The game started with myself as SG and four players; two other players were added later on. Each player created the standard Magus and Companion, along with 2 Grogs (all this terminology makes sense if you have the game; otherwise I point you towards RPGNow, where you can download the entire set of rules for free!). Most importantly the players truly got into character.

The game lasted four real-time years, but over 45 game-time years. Only one of the original Companions and a handful of the original Grogs were still alive at the end of the campaign, but they were, by then, background characters, no longer physically vital. One of the Magi had died, but the others had become seriously powerful, as well as seriously eccentric. Equally, each of them now had "children", apprentices who had become Magi themselves, some of whom who had, in turn, trained apprentices of their own.

We kept a "graveyard" for the Covenant. Each character who died had a small entry on a list that we constantly updated. Some entries were simple: "John the Large. Custos. Died 1193". Others were much more elaborate: "At this site lies the mortal remains of Dalton d'Erdelle, master swordsman, famous wit, having passed 39 mortal years in this veil of tears. It Wasn't His Fault. God rest him." Every few sessions one of the players would read out the entire list, again reinforcing the sense of community that we all felt.

Storylines were both short and long. I ran solo adventures for characters when the players wanted to explore some aspect of these characters. When one of my players had to go to Taiwan for a year, we sent regular letters back and forth -- his charcter went on a long mystical pilgrimmage and returned years later a decidedly different person, but with a deep backstory to explain it.

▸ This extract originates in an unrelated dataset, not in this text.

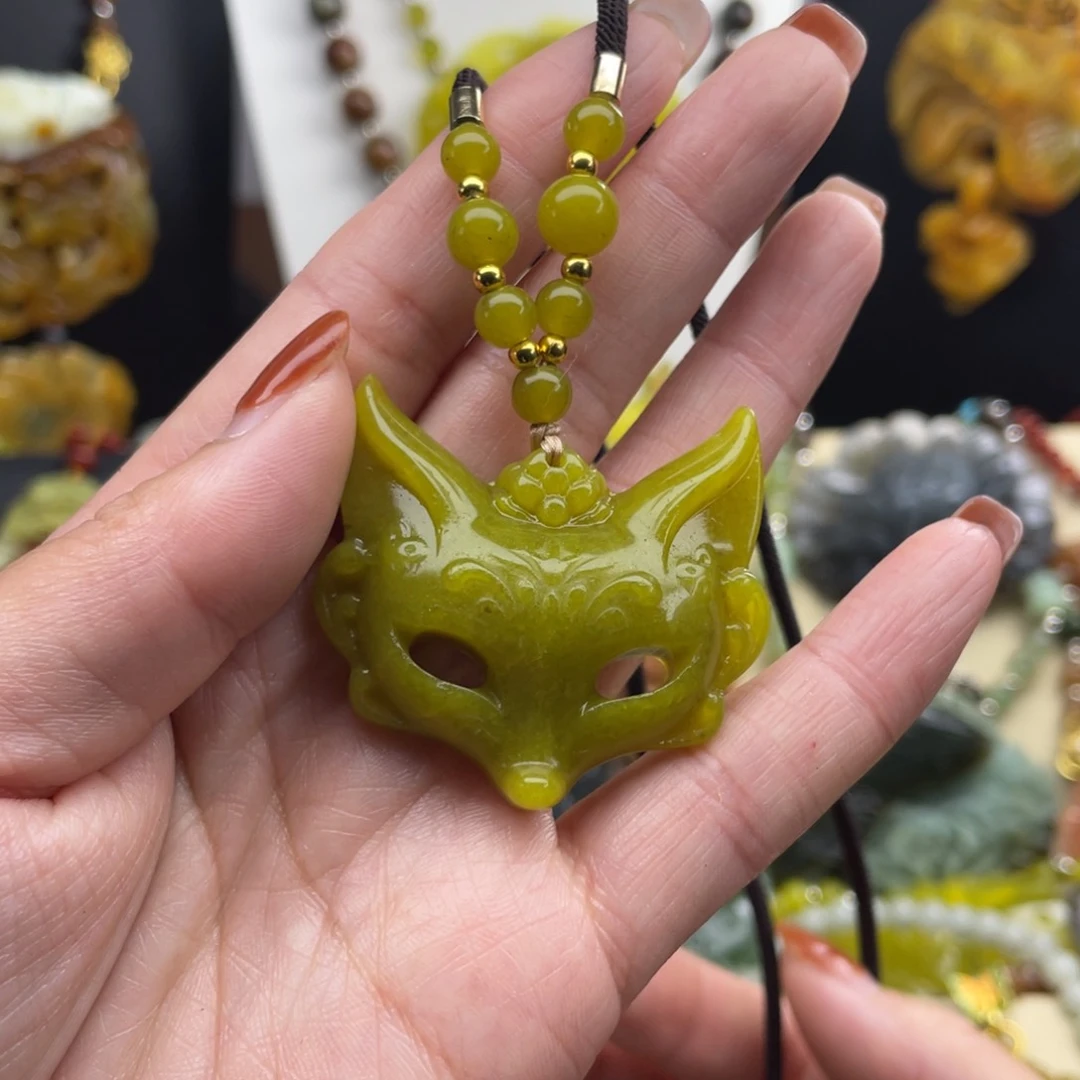 未镶嵌蛇纹石玉颈饰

Players wrote letters to NPCs and kept ahold of the ones they recieve in return. They got involved in quirky experiments. They even, after one very long session (9+ hours straight), I packed up and went home ... only to meet one of the players the next day with a long document -- the charter of the covenant, along with a long series of amendments. Yes, the players had continued the game FOR SIX MORE HOURS AFTER I LEFT!

As a group of friends and gamers, we had a truly amazing experience. When the game finally reached an appropriately apocalyptic ending, one of the Magi sacrificed himself for the good of the greater whole, another broke down in tears over the power of the last episode, and all of us shook hands and hugged when the game was over. We then toasted Gelwich Covenant, had a communal meal, and talked about our favourite moments in the game.

To this day, now nearly 8 years later, we often speak to each other of The Game.

It was glorious.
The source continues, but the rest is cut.